— TASK DESCRIPTION —
Find the string "breathing" in the data, then copy every line where it is found.

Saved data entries
========================
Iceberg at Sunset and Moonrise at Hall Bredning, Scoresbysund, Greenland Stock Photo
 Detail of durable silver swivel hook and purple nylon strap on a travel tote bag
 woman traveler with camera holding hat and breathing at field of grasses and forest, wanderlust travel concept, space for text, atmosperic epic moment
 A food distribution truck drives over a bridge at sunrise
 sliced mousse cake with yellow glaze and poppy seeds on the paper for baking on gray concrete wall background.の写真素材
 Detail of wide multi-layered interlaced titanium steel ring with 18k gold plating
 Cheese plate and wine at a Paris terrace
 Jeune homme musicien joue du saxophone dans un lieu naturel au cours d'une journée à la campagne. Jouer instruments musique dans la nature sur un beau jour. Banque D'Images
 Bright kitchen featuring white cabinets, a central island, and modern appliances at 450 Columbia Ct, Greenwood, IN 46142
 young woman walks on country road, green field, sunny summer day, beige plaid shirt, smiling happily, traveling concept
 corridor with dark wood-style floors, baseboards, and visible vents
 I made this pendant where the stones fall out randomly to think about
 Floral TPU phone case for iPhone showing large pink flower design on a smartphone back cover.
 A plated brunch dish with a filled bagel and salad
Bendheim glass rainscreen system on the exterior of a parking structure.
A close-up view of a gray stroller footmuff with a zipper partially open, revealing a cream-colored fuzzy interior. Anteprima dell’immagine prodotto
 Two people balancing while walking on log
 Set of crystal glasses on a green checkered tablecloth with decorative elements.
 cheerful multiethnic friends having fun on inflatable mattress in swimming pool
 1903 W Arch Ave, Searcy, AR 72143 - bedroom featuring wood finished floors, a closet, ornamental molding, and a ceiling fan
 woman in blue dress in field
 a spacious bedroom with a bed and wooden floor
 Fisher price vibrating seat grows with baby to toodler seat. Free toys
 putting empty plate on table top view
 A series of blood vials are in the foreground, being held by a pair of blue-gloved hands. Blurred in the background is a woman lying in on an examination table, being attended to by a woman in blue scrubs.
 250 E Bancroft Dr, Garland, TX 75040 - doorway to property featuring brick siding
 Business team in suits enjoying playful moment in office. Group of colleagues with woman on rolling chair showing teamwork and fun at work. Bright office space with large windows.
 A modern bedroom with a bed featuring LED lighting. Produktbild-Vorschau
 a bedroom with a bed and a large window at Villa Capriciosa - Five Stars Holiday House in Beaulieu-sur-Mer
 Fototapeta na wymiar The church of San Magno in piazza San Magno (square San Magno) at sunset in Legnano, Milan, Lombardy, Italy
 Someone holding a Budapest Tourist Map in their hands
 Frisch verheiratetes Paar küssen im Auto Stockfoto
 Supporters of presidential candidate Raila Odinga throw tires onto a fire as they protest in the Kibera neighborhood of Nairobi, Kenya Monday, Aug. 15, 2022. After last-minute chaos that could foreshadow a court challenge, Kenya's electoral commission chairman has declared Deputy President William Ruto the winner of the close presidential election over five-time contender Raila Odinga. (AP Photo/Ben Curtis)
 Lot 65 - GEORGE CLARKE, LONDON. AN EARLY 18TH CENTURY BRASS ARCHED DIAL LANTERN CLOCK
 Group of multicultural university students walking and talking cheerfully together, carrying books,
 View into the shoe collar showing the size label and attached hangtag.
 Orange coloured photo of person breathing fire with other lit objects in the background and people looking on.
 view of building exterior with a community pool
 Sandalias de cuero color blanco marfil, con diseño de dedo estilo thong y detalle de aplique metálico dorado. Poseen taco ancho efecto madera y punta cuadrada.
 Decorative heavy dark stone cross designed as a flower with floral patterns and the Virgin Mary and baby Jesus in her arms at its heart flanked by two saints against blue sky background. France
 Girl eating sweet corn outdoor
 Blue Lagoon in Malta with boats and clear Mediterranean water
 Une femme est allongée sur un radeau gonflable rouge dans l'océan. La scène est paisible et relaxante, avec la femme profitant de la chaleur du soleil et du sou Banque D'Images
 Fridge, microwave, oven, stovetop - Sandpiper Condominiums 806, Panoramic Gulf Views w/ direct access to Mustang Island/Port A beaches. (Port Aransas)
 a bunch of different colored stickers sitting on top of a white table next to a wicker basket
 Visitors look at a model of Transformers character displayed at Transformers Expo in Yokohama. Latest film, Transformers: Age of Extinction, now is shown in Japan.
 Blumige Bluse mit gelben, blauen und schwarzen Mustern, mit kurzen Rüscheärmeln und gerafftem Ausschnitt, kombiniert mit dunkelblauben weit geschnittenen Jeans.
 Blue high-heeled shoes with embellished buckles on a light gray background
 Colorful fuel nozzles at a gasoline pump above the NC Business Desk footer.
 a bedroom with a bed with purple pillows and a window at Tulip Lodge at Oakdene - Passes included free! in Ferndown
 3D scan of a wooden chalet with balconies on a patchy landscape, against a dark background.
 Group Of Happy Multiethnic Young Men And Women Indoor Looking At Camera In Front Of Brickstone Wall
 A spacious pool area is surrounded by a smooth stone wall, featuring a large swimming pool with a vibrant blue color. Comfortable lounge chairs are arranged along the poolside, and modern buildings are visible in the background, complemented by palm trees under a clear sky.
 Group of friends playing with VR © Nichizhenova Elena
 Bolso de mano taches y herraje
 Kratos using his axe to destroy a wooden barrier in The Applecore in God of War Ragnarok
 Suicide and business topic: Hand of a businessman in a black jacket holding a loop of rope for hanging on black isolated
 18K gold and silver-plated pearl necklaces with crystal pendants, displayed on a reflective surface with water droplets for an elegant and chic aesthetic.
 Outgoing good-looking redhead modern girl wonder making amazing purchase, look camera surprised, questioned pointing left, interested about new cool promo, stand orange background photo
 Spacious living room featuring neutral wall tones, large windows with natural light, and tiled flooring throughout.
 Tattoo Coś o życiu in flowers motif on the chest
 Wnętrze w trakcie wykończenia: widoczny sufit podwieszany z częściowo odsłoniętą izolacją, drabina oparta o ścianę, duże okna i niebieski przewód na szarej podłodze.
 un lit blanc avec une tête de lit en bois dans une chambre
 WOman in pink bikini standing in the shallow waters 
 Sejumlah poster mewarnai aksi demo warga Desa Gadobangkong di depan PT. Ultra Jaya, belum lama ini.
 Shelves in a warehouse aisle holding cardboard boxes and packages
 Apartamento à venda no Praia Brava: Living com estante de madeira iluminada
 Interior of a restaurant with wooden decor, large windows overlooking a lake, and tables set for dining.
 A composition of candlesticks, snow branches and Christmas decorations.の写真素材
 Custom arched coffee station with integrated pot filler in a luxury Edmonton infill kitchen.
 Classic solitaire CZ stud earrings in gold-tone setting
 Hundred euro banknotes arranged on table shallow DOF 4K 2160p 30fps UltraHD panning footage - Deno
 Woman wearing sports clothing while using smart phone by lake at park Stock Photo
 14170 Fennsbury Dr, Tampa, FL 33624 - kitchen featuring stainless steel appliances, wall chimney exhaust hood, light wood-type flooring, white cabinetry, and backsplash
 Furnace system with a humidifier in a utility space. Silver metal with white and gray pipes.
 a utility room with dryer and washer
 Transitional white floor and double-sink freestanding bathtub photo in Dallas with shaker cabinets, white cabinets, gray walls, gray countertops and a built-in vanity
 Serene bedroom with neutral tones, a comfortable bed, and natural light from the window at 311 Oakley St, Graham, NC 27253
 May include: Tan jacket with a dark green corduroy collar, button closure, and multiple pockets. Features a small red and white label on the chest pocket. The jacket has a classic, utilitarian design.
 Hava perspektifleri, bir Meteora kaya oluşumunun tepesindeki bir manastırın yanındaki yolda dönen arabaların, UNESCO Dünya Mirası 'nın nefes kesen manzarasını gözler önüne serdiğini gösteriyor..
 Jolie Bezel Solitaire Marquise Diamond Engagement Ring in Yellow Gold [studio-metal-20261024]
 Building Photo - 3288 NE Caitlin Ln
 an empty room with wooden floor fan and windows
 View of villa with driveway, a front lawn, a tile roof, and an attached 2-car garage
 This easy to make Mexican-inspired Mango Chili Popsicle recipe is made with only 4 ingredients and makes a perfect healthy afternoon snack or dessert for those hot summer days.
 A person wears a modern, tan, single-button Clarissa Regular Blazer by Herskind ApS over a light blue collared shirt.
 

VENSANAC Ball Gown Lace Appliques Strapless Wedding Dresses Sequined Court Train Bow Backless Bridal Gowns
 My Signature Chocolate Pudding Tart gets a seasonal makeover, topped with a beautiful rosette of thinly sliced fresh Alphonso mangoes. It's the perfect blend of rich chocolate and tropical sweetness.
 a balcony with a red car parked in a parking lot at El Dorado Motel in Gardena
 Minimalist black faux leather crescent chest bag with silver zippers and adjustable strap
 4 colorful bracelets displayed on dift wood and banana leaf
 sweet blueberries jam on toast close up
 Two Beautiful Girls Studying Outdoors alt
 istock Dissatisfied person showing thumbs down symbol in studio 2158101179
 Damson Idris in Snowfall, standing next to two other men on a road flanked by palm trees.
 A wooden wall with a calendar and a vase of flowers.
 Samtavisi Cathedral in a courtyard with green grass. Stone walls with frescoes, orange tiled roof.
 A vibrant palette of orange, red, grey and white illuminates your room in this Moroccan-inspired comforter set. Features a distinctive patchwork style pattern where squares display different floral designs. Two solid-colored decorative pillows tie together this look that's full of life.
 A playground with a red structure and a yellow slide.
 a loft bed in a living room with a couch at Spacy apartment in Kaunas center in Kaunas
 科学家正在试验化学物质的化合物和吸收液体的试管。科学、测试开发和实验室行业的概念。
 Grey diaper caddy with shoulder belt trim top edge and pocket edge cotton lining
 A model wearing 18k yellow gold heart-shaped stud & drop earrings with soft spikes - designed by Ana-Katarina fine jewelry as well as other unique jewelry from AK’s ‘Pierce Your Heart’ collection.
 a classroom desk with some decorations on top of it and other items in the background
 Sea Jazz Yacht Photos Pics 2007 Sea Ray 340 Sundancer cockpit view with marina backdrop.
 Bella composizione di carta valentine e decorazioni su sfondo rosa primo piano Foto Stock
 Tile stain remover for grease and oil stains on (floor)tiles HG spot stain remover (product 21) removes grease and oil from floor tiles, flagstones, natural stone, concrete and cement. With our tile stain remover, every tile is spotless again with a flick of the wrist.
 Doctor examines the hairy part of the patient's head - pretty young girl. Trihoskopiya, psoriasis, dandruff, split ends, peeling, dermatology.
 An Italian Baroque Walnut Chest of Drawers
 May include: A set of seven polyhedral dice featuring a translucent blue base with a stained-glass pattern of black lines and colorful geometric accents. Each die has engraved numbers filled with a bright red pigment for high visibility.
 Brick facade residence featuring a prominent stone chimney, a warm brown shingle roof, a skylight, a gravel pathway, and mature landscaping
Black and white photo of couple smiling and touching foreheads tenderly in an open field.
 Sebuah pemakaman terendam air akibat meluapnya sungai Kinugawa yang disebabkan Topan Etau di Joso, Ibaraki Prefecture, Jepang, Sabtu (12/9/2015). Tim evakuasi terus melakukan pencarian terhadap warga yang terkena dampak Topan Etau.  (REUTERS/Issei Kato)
========================
— EXERCISE ANSWER —
 woman traveler with camera holding hat and breathing at field of grasses and forest, wanderlust travel concept, space for text, atmosperic epic moment
 Orange coloured photo of person breathing fire with other lit objects in the background and people looking on.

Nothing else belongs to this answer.